Continuous Light-Dark POMDP Environment Implementation.

This module implements the continuous Light-Dark domain, a classic POMDP benchmark where an agent must navigate to a goal position in a continuous 2D space while dealing with position-dependent observation noise.

The Continuous Light-Dark POMDP features: - Continuous 2D state space representing agent position - Discrete or continuous action space for movement - Light source at a specific location that affects observation quality - Observation noise that decreases closer to the light source - Goal region that agent must reach to maximize reward - Optional obstacles that cause negative rewards when hit

Key characteristics: - State: [x, y] position in continuous 2D space - Actions: Movement vectors or discrete directions - Observations: Noisy position estimates (noise depends on distance from light) - Rewards: Goal reaching bonus, movement costs, obstacle penalties - Multiple reward model variants available

Classes:: RewardModelType: Enumeration of available reward model types StateTransitionModel: Continuous movement with Gaussian noise ContinuousLightDarkPOMDP: Main environment class ContinuousLightDarkPOMDPDiscreteActions: Discrete action variant

class POMDPPlanners.environments.light_dark_pomdp.continuous_light_dark_pomdp.ContinuousLightDarkPOMDP(discount_factor, name='ContinuousLightDarkPOMDP', state_transition_cov_matrix=array([[0.05, 0.], [0., 0.05]]), observation_cov_matrix=array([[0.05, 0.], [0., 0.05]]), beacons=[(0, 0), (0, 5), (0, 10), (5, 0), (5, 5), (5, 10), (10, 0), (10, 5), (10, 10)], goal_state=array([10, 5]), start_state=array([0, 5]), obstacles=[(3, 7), (5, 5)], obstacle_hit_probability=0.2, obstacle_reward=-10.0, goal_reward=10.0, fuel_cost=2.0, grid_size=11, goal_state_radius=1.5, beacon_radius=1.0, obstacle_radius=1.5, reward_model_type=RewardModelType.STANDARD, observation_model_type=ObservationModelType.NORMAL_NOISE, penalty_decay=1.0, is_obstacle_hit_terminal=True)[source]

Bases: BaseLightDarkPOMDP

Continuous Light-Dark POMDP environment with continuous actions.

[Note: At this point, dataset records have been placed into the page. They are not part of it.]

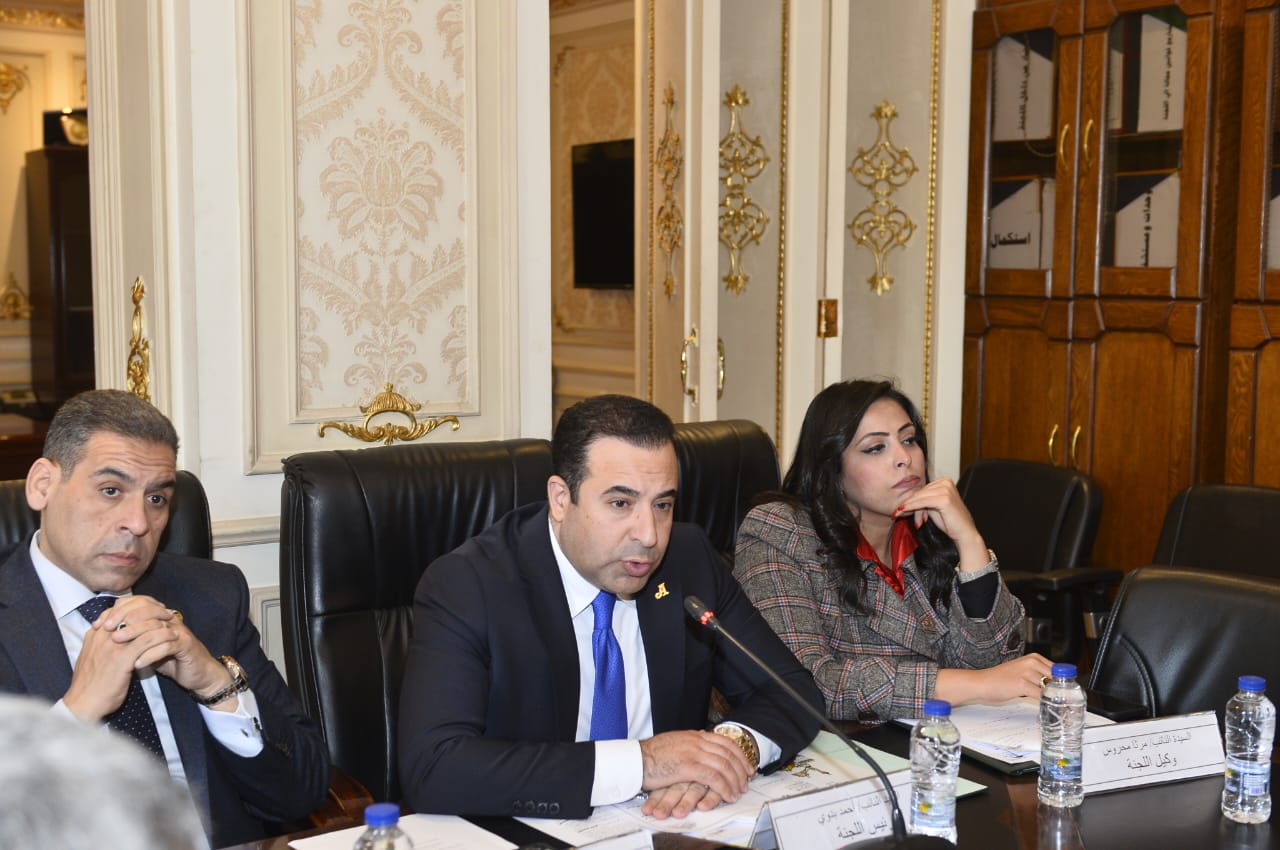 اتصالات النواب : وزارة الاتصالات بذلت جهود كبيرة جدا لتقديم خدماتها من خلال شبكة ابراج تغطي الجمهوريه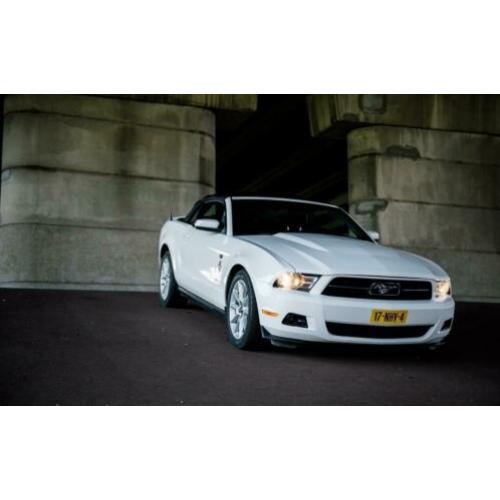 Ford Mustang Mustang 2010 Wit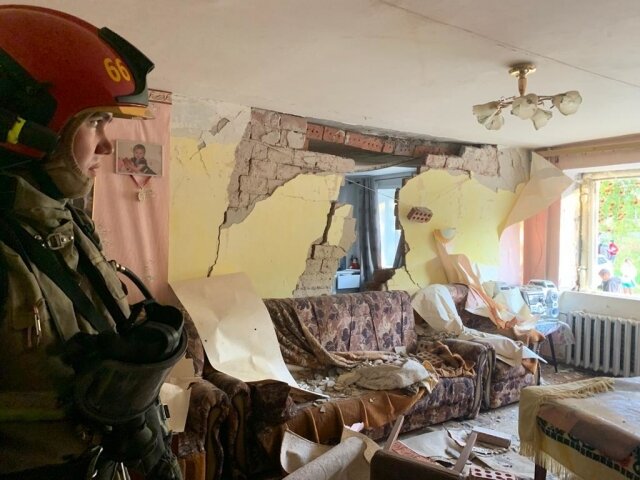    Последствия взрыва газа Фото: пресс-служба Главного управления МЧС России по Свердловской области
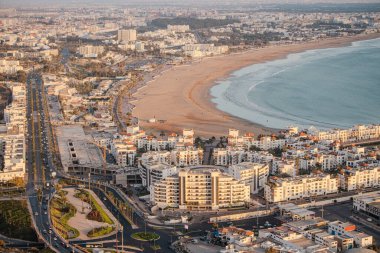 Agadir Fas 'ta. Atlantik Okyanusu. Fas mimarisi ve kültürü. Fas 'ta seyahat yerleri. Fas işaretleri. Fas 'ı ziyaret et. Yaz gezisi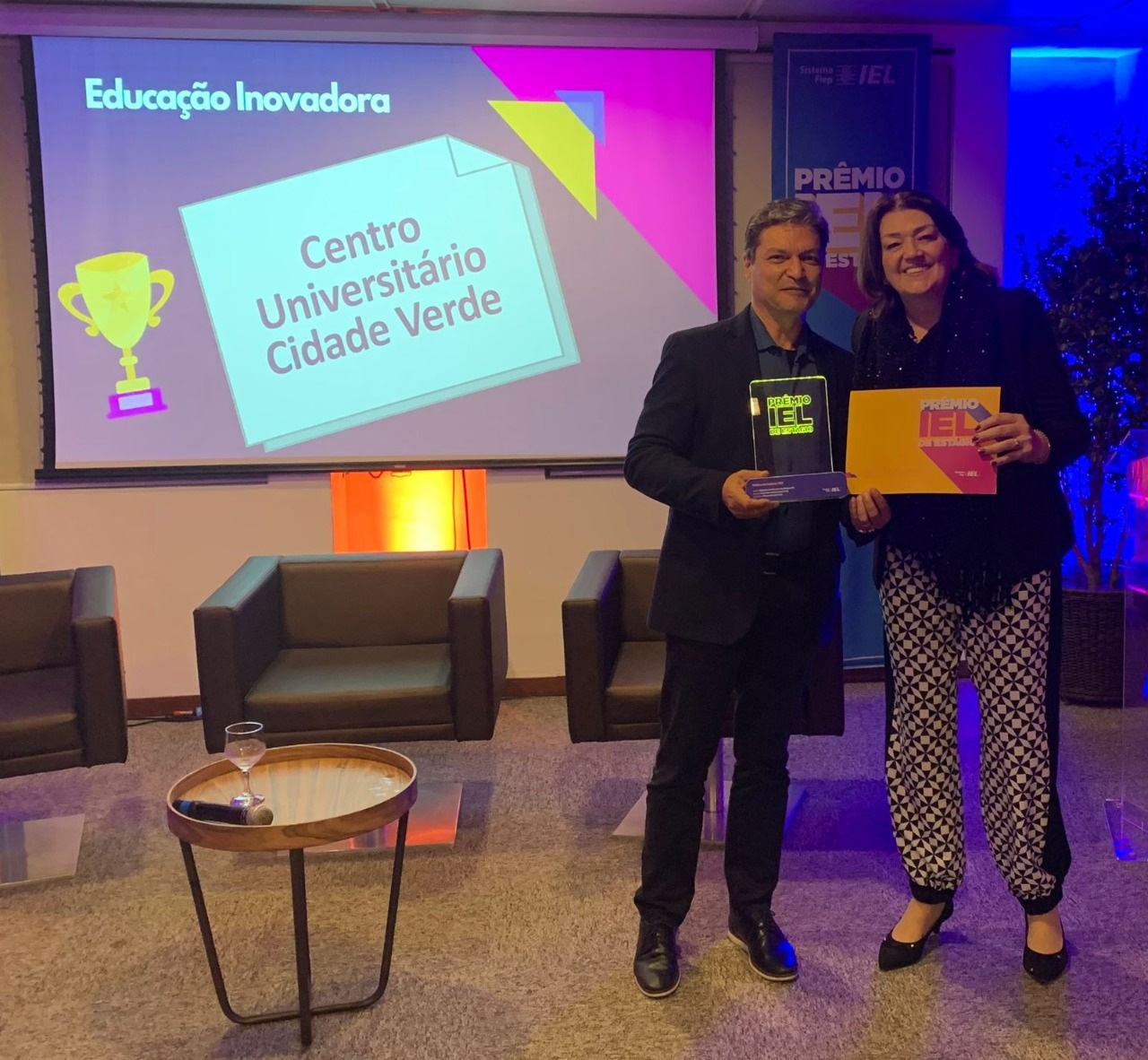 UniCV recebe prêmio do IEL Paraná por melhores práticas de estágio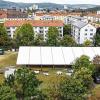 Abbau und Aufbau in der Zellerau: Während das Zelt jetzt nach und nach abgebaut wird, wird die Fläche links davon bereits für die neuen Wohnmodule erschlossen.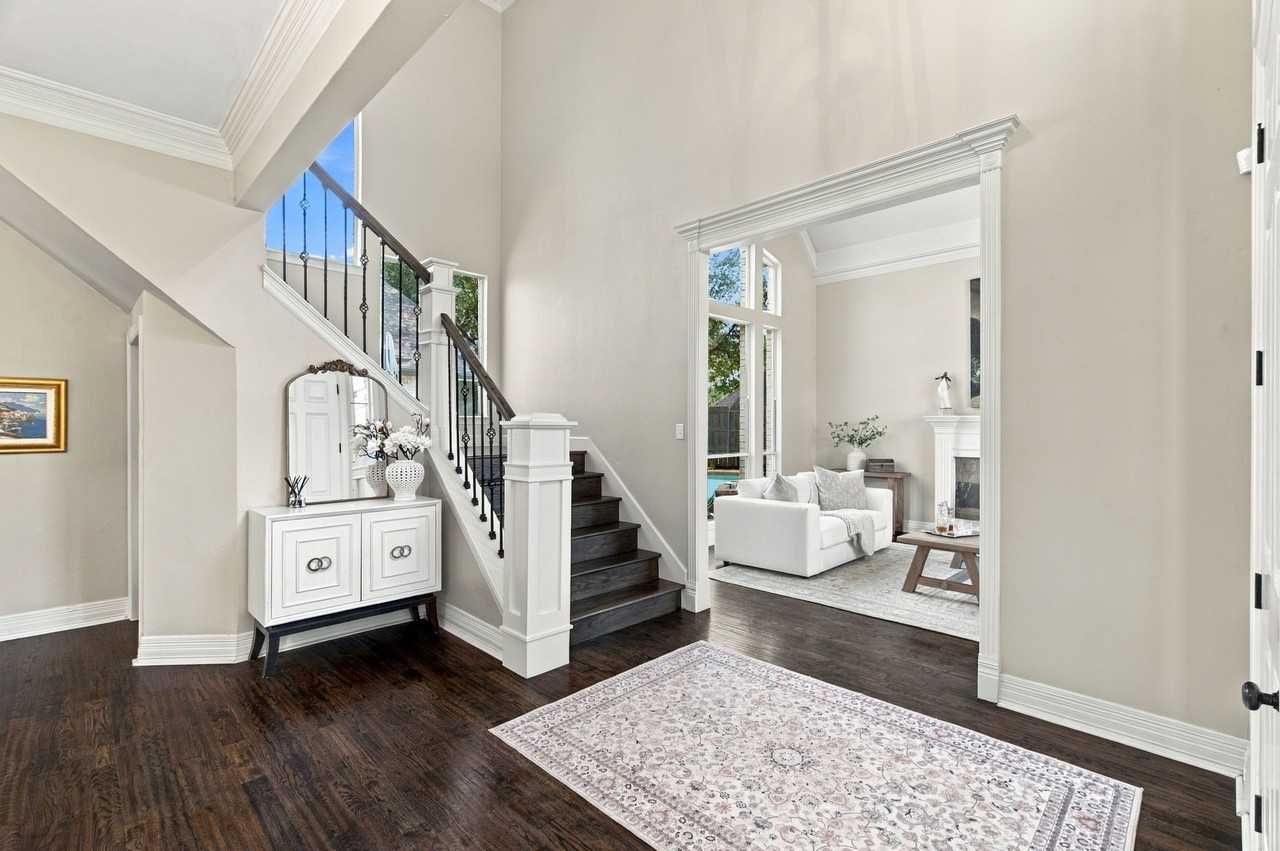 5909 Highland Hills Ln - Photo 4 of 40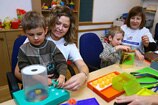 Warszawa - wspólna zabawa podczas zajęć manualnych dla dzieci autystycznych w Ośrodku Fundacji Synapsis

This environment extends the base Light-Dark problem to continuous 2D space with continuous action vectors. The agent navigates toward a goal while dealing with position-dependent observation noise and optional obstacles.

Key features: - Continuous 2D state and action spaces - Light beacons reduce observation noise when nearby - Multiple observation models available (normal noise, normal noise with no observation in dark) - Multiple reward models available (standard, decaying hit probability, dangerous states) - Optional obstacles with configurable hit penalties - Terminal conditions for goal reaching, obstacle hits, and boundary violations

Example

>>> import numpy as np
>>> np.random.seed(42)  # For reproducible results
>>>
>>> # Initialize environment
>>> env = ContinuousLightDarkPOMDP(
...     discount_factor=0.95,
...     goal_state=np.array([10, 5]),
...     start_state=np.array([0, 5])
... )
>>>
>>> # Get initial state
>>> initial_state = env.initial_state_dist().sample()[0]
>>>
>>> # Sample complete step (action must be provided based on environment type)
>>> action = np.array([1.0, 0.0])  # Move right
>>> next_state, observation, reward = env.sample_next_step(initial_state, action)
>>>
>>> # Check terminal condition
>>> env.is_terminal(initial_state)
False

Parameters:

discount_factor (float)
name (str)
state_transition_cov_matrix (ndarray)
observation_cov_matrix (ndarray)
beacons (List[Tuple[float, float]])
goal_state (ndarray)
start_state (ndarray)
obstacles (List[Tuple[float, float]])
obstacle_hit_probability (float)
obstacle_reward (float)
goal_reward (float)
fuel_cost (float)
grid_size (int)
goal_state_radius (float)
beacon_radius (float)
obstacle_radius (float)
reward_model_type (RewardModelType)
observation_model_type (ObservationModelType)
penalty_decay (float)
is_obstacle_hit_terminal (bool)

compute_metrics(histories)[source]

Compute environment-specific metrics from episode histories.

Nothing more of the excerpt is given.